Bye Bye, unico featuring del disco. L’entrata un po’ a sorpresa la fa Kaos One: per Salmo, invitarlo in un pezzo deve aver significato più o meno come chiamare Travis Baker in Bentley VS Cadillac. I cori che girano sotto restituiscono quell’atmosfera tetra e impastata alla Murubutu, il risultato complessivo è un pezzo anti. C’è tanta carica dentro, se guardi bene c’è pure un poderoso dito medio alla Maurizio Cattelan davanti all’industria discografica. Dito che comincerà a utilizzare pericolosamente nella ghost track a fine progetto. Siamo arrivati a Bounce!, la traccia con cui ti rendi conto che Sony ha limitato il numero di ascolti. Una palla in fronte. Sapore di freestyle, intenso. La traccia dura pochissimo ed è un peccato, ma tant’è.

Salmo Ranch

Sangue Amaro è una canzone morbida, più intensa di Sincero perché al posto della leggerezza estiva c’è un po’ di malinconia. Il pezzo è sempre cantato però, con la chitarra che accompagna la voce, da ascoltare in cuffia. Meglio Cartine Corte che arriva a metà disco in tempo per testimoniare che Salmo sa scrivere, sa cantare, ha un bel flusso, il ritornello è come una palla da rugby dentro una lavatrice. Morbida e imprevedibile. Quell’1-2-3, 1-2-3, è una cosa che puoi fare se la musica ce l’hai in mano, se ci giochi come uno che si diverte.

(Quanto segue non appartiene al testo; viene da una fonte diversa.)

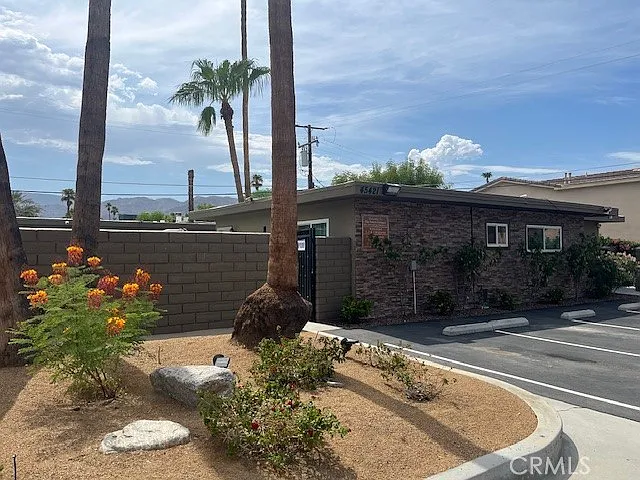 45521 Sunset Ln #5 — Photo 9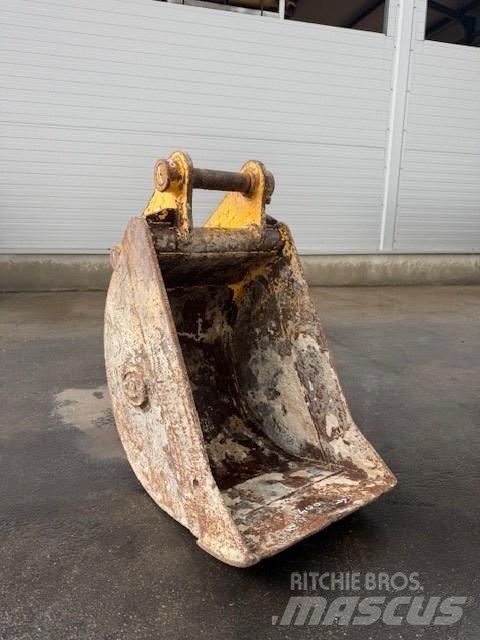 JCB 7-8 TON Retroescavadoras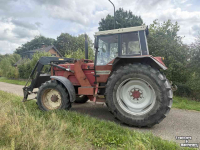 Schlepper / Traktor International 1455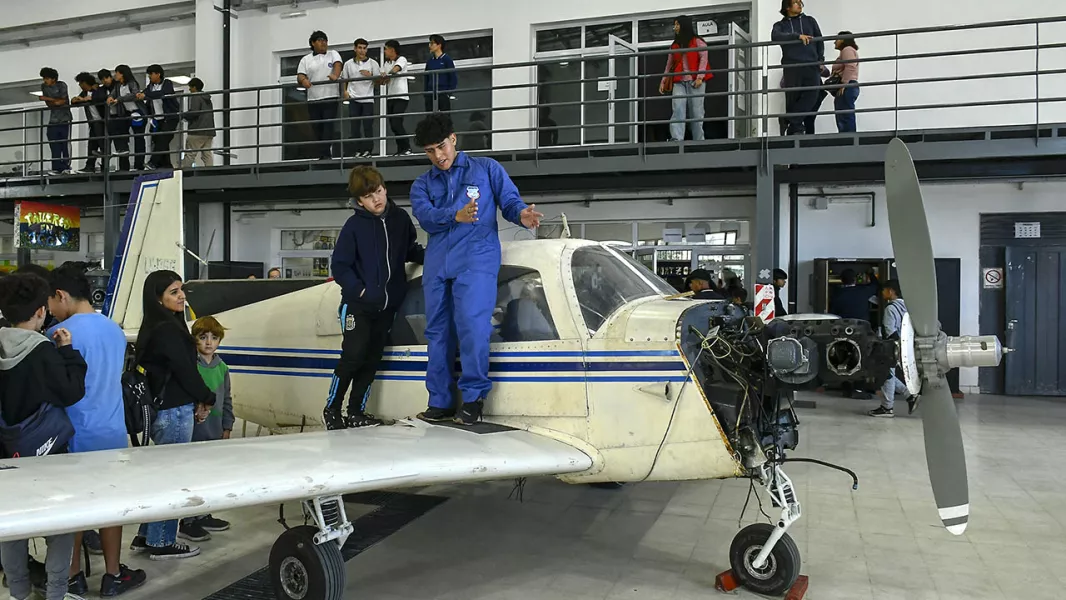 La escuela técnica aeronáutica de Salta realiza una exposición única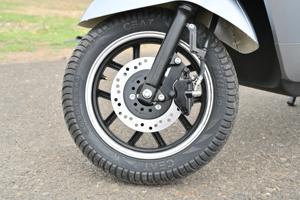 สกู๊ตเตอร์ไฟฟ้า800W ทรงพลังสำหรับผู้ใหญ่เบรคคู่พับได้ยางนิวเมติก10นิ้วระยะทาง35กม./ชม.-40กม. 25ah 40Ah 30ah - Product Image 3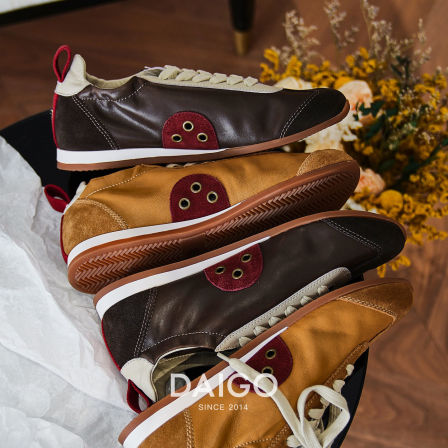 大果store 国内小众设计师款～复古反绒皮～云朵感UMA德训鞋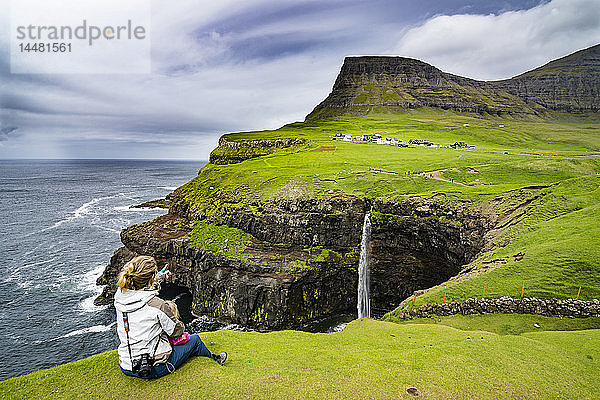 Dänemark  Färöer-Inseln  Vagar  Frau und ihre Tochter beim Blick auf den Gasadalur-Wasserfall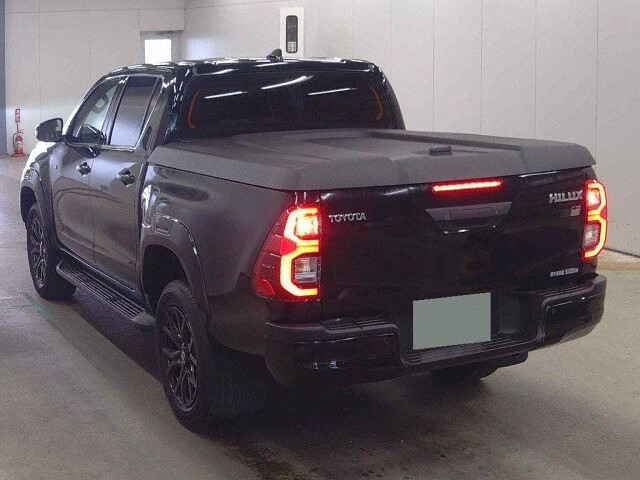 2024 Toyota Hilux Z GRスポーツ 4WD auction photo 2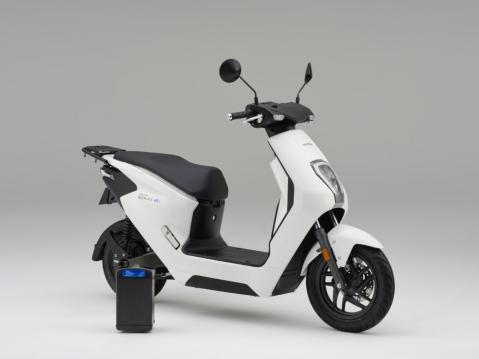 Vuosimallin 2023 Honda EM1 e: sähköskootteri.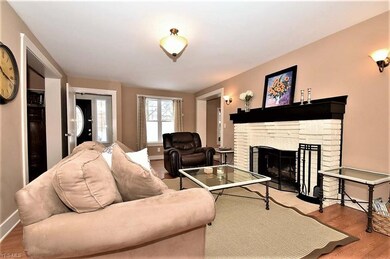 1654 Compton Rd, Cleveland, OH 44118 - photo 4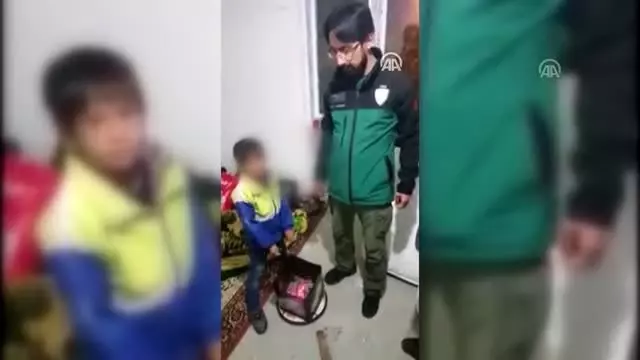 Soğuk taş duvarları sıcacık yuvaya dönüştürüyorlar Soğuk taş duvarları sıcacık yuvaya dönüştürüyorlar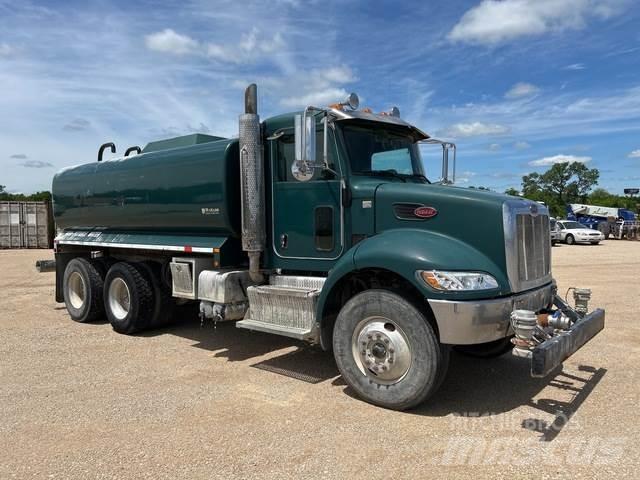 Peterbilt 348 Kamioni za vodu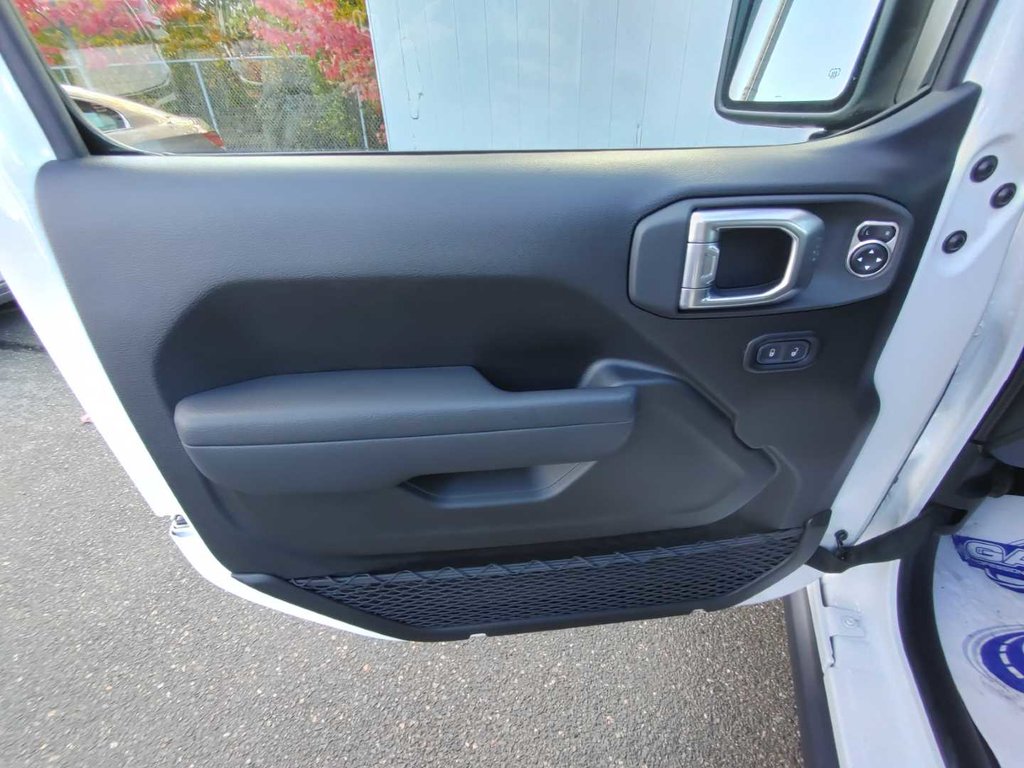 Jeep Wrangler Willys | Freedom Top | Manual | Warranty to 2030 2025 à Saint John, Nouveau-Brunswick - 32 - w1024h768px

Ranch è un disco eterogeneo e te ne accorgi pensando che alcuni pezzi sono da sentire in cuffia, altri live, alcuni in macchina. Beatcoin è perfetto per uno speaker bluetooth nello zaino, in seconda istanza su di una cabriolet sparata verso San Francisco. Bam bam. Sta comoda davanti allo specchio, oppure a provare i kickflip con lo skate. John-Fashion-Week.

Traccia 10, Il Figlio del Prete. Il protagonista sembra uscito dalla Sin City di Frank Miller e ha, ancora una volta, grande carica. Anche qui dura poco, forse anzi dovrebbe durare così per assecondare gli standard, di certo non è importante, che poi è un po’ la chiave del progetto.

Salmo, foto Bogdan “Chilldays” Plakov

Numeri Primi sembra un interludio, un lungo skit scritto in una stanza lontana dagli orari e lontano dalla lucidità. Fuori Controllo, che idea meravigliosa questa roba. Salmo ha veramente stampato la cassa dritta, la Tekno, in un disco così. È molto divertente.


È qui la differenza tra l’artista e il cantante? Magari no, ma qui affiora. Grande idea. Incapace forse è un titolo dedicato a sé stesso che la chitarra non sa suonarla granché bene. Registrata cruda e sporca, ha il grande pregio che un diciassettenne la sente e pensa che sì, fare la musica non significa fare soldi ma esprimersi. Non significa avere strumenti, attrezzature e persone che puliscono i suoni, li tagliano e li sistemano. Sì, in questo pezzo c’è del lavoro, ma l’importante è che mandandolo in play Maurizio si materializza in camera tua, seduto affianco a te sul bus, in un angolo del salotto: ha la chitarra in mano, una canna in bocca e canticchia per passare il tempo.

A Conta su di me forse manca qualcosa, o almeno così sembra. Resta dov’è, difficile ricordarla. C’è poi Mauri, un preludio alla fine molto riuscito e poi l’ultima traccia, Titoli di Coda, divisa in due. I ringraziamenti prima e la ghost track poi in cui risentiamo Mr. Thunder, sepolto negli ultimi minuti di Hellvisback di cui Ranch, fino alla fine, sembra la maestosa seconda parte. Dito di Cattelan: all’industria, ai colleghi e a sé stesso. Sipario, applausi.